* _INPUT RECORDS_
§ §
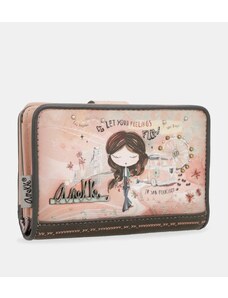 Anekke Peace & Love medium RFID wallet pink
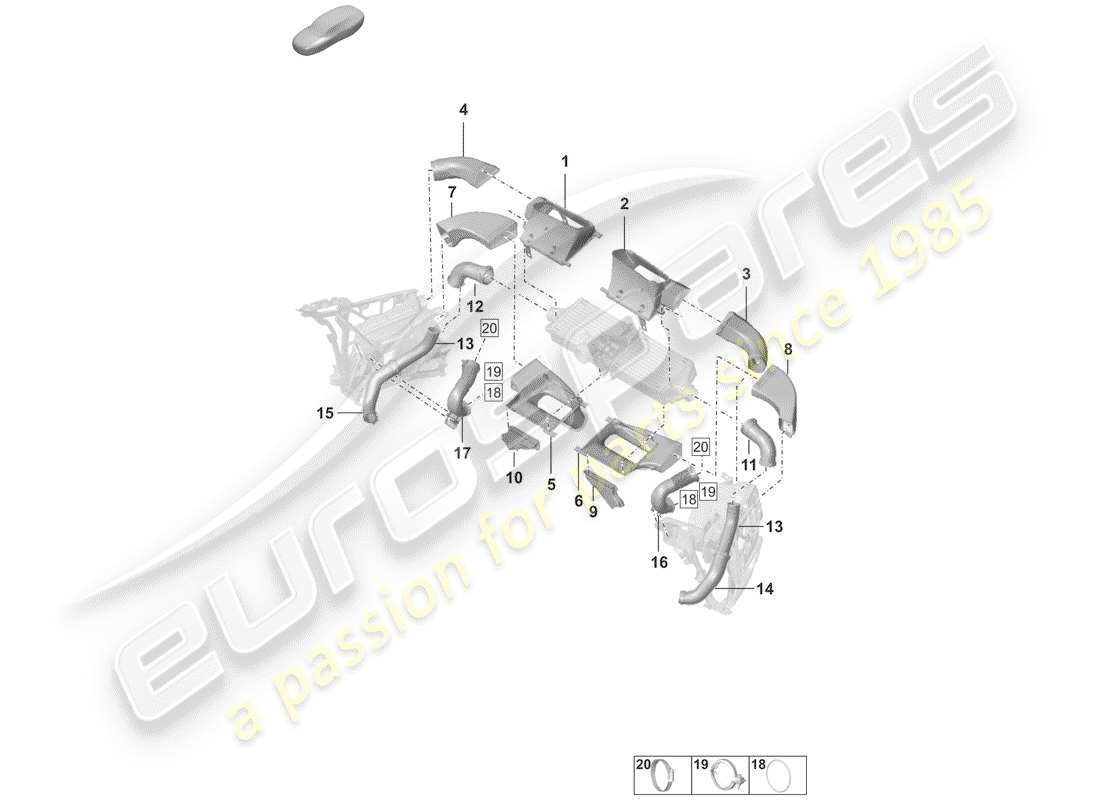 porsche 2020 (992-1) charge air cooler air guide parts diagram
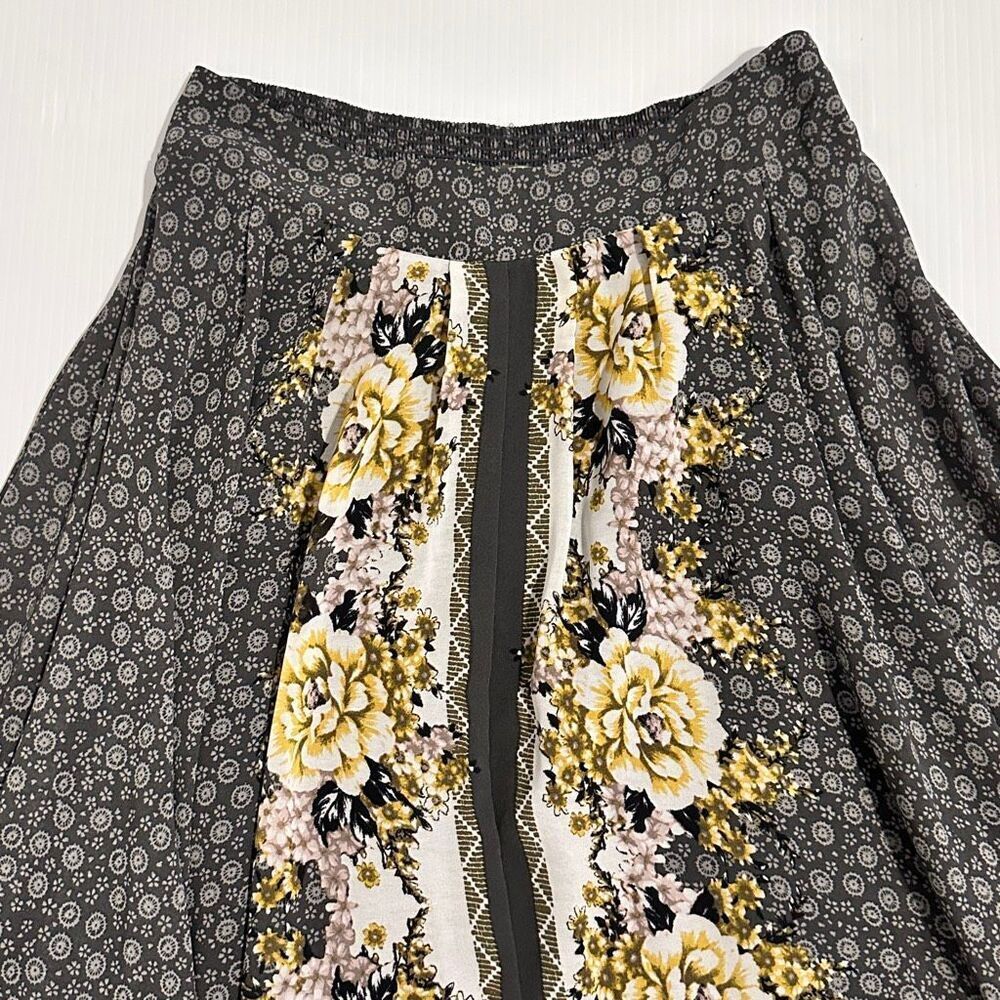 Free People Floral Panel Maxi Skirt in Black and Yellow - Picture 10 of 12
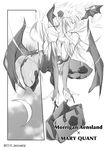  bad_id bad_pixiv_id bag bare_shoulders bat_wings boots breasts cleavage crescent_moon demon_girl elbow_gloves feathers fingerless_gloves flower gloves greyscale hair_flower hair_ornament head_wings large_breasts leotard long_hair m1lk_(06a3082) monochrome moon morrigan_aensland pantyhose pinky_out solo succubus vampire_(game) very_long_hair wings 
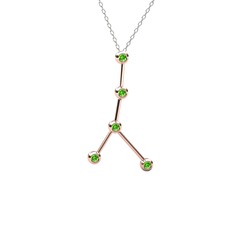 Cancer Kolye - Peridot 8 ayar rose altın kolye (40 cm beyaz altın rolo zincir) #1v0i0bo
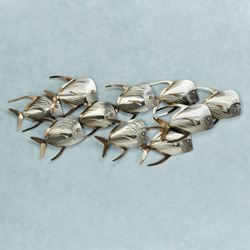 School of Fish Wall Sculpture Silver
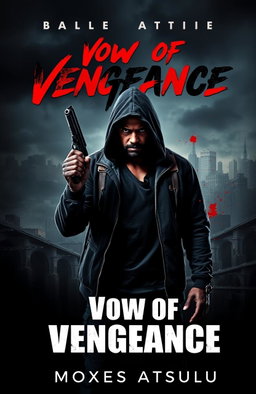 A thrilling book cover for 'Vow of Vengeance' by Moses Atsulu, featuring a menacing gunman in the center, clad in a shadowy, rugged attire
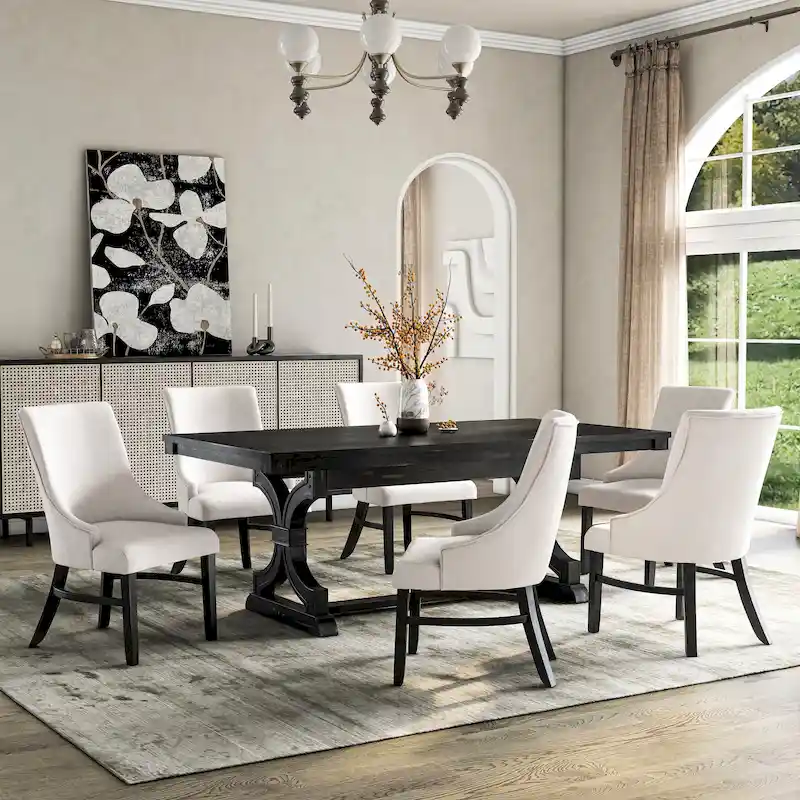 Furniture of America Kieran Farmhouse 7-Piece Black Wooden Dining Set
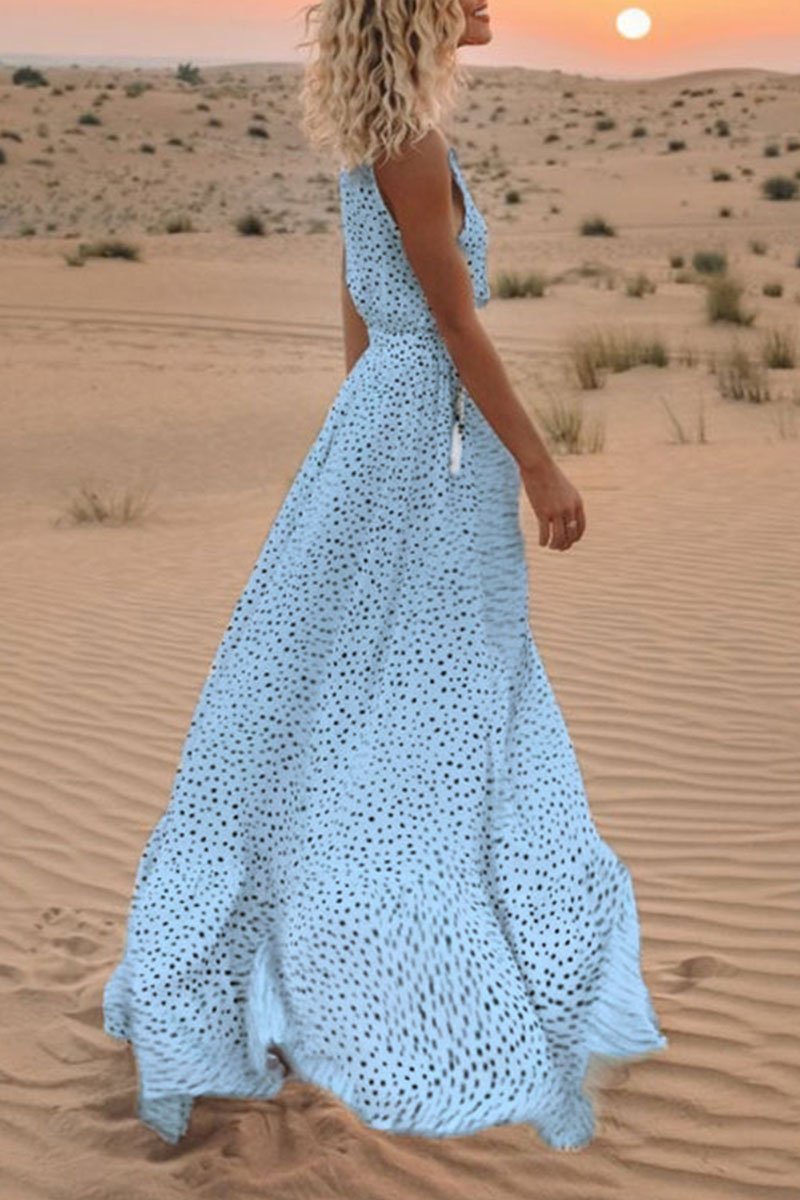 qgtao V Neck Dot Printed Floor Length Dress(3 Colors)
§ §
* _WHAT YOU NEED TO DO_
Exact copy, pictures excluded: restate every record above word for word.

* _ANSWER SPACE_
 Anekke Peace & Love medium RFID wallet pink
 porsche 2020 (992-1) charge air cooler air guide parts diagram
 Free People Floral Panel Maxi Skirt in Black and Yellow - Picture 10 of 12
  bad_id bad_pixiv_id bag bare_shoulders bat_wings boots breasts cleavage crescent_moon demon_girl elbow_gloves feathers fingerless_gloves flower gloves greyscale hair_flower hair_ornament head_wings large_breasts leotard long_hair m1lk_(06a3082) monochrome moon morrigan_aensland pantyhose pinky_out solo succubus vampire_(game) very_long_hair wings 
 Cancer Kolye - Peridot 8 ayar rose altın kolye (40 cm beyaz altın rolo zincir) #1v0i0bo
 School of Fish Wall Sculpture Silver
 A thrilling book cover for 'Vow of Vengeance' by Moses Atsulu, featuring a menacing gunman in the center, clad in a shadowy, rugged attire
 Furniture of America Kieran Farmhouse 7-Piece Black Wooden Dining Set
 qgtao V Neck Dot Printed Floor Length Dress(3 Colors)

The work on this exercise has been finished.